Write the data out again, character for character, with no images.

--------------------

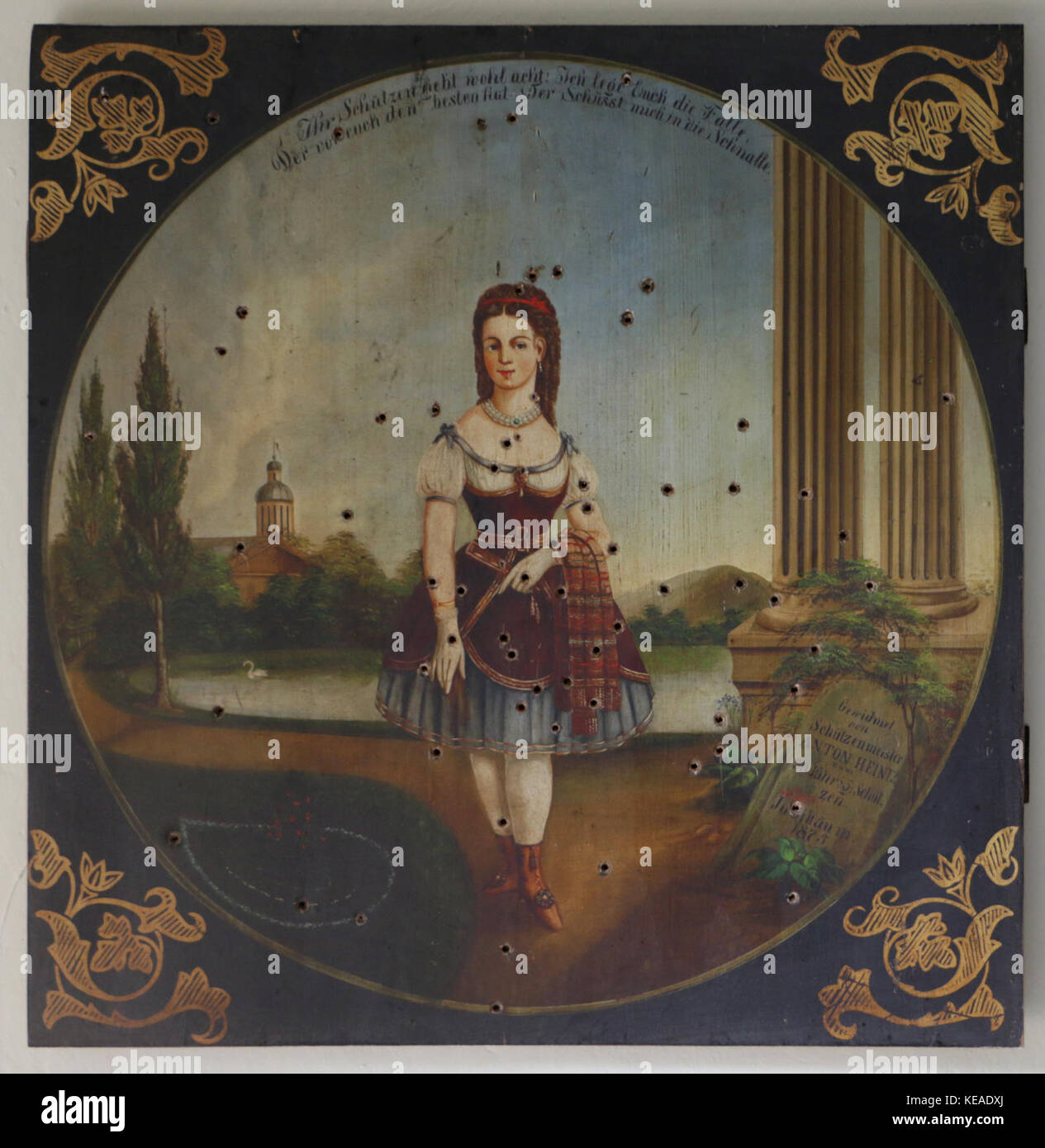 Painted target, Litovel Museum 02 Stock Photo Alamy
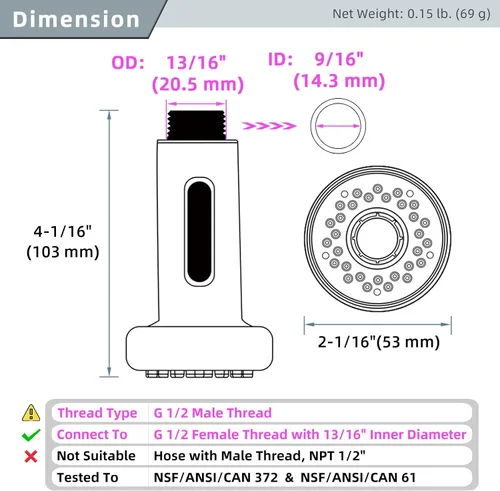 Angle Simple Reemplazo del rociador para fregadero de cocina, rosca macho tipo G 1/2 o 13/16 pulgadas, prueba NSF/ANSI/CAN 61 y 372, accesorio de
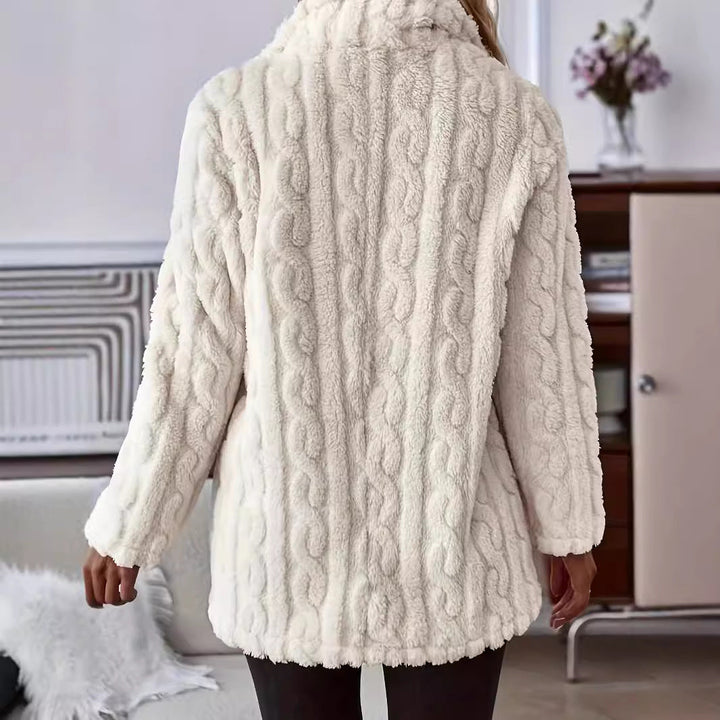 Isabeau teddy coat back view showing cable knit texture design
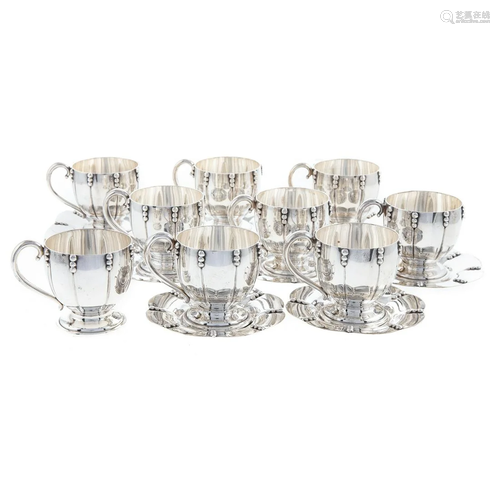 Worden-Munnis Sterling Demitasse Cups & Saucers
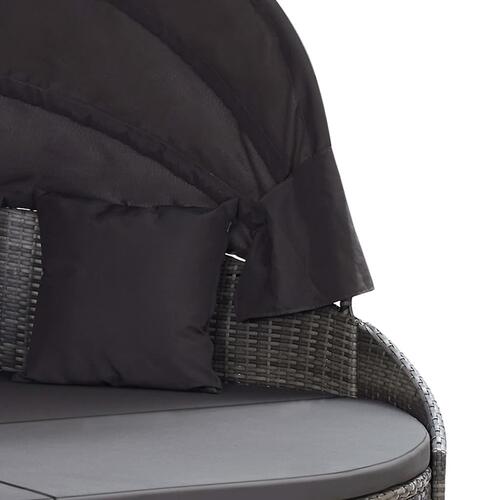 Solseng med baldakin polyrattan grå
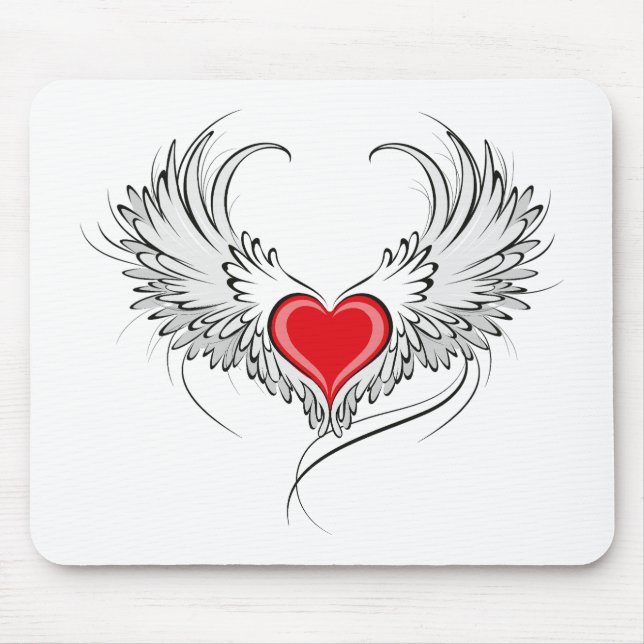 Red Angel Heart mit Flügeln Mousepad (Vorne)
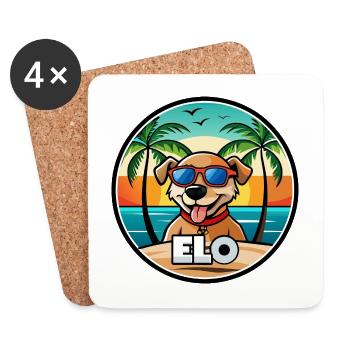Dog Breed Cartoon Sunglasses Beach - Coasters (set of 4) - white - Front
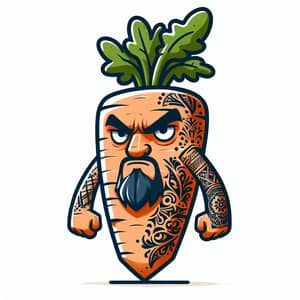 Tough and Tattooed Cartoon Carrot - Culinary Battle Persona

--------------------

- **ANSWER FOR THIS EXERCISE**:
 Painted target, Litovel Museum 02 Stock Photo Alamy
 Angle Simple Reemplazo del rociador para fregadero de cocina, rosca macho tipo G 1/2 o 13/16 pulgadas, prueba NSF/ANSI/CAN 61 y 372, accesorio de
 Isabeau teddy coat back view showing cable knit texture design
 Worden-Munnis Sterling Demitasse Cups & Saucers
 Solseng med baldakin polyrattan grå
 Red Angel Heart mit Flügeln Mousepad (Vorne)
Dog Breed Cartoon Sunglasses Beach - Coasters (set of 4) - white - Front
 Tough and Tattooed Cartoon Carrot - Culinary Battle Persona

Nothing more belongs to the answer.